The reason this was a difficult book to read was because I love a meth addict.

Despite the fact meth has taken a toll on his physical and mental health, someone I love continues to use the drug he has used for years. He is the main reason that I was interested in reading this book. I was searching for understanding, and on some level I found it. Although I still see meth as a nasty drug because of all of the side effects that come with it, meth gives the addict energy and euphoria that cannot be compared to anything else. At one point in our nation’s history, a form of it was legal because of the way it allowed people to work longer and harder. It was marketed as a weight loss drug. The fact it makes people feel good is undeniable. And for a while, at least, it allows them to work more (which is why it is so popular among the working class).

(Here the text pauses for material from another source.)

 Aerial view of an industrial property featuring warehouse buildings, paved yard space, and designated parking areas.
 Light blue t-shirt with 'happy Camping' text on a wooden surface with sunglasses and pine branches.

This book gave me the glimpse into meth addiction that I needed to both understand my loved one’s addiction and understand that there was very little that I could do to motivate him to quit the drug. While a non-addicted person or a person addicted to something less mind-altering may have responded to my pleas to get clean differently, it has been good for me to better understand the immensity of the burden of those fighting meth addiction. In reading about the addict who was nine months clean and living with his parents, one quote stuck out to me: “For Major, waiting to see what price his son would pay for his transgressions was a daily reminder of why he had to stay straight. But his anxiety and guilt were also an hourly motivation to get high.” A person recovering from addiction has to want to stay straight more than they want to drown out the anxiety and guilt.

While I like to believe that if I were faced with an addiction I would stop using whatever addictive substance if a loved one asked. After slightly better understanding exactly what addiction, especially addiction to meth does to a person, I’m not entirely sure what I would do. In the grips of addiction, I doubt I would be strong enough to get clean alone. I am increasingly convinced that only God can help someone break the bonds of addiction.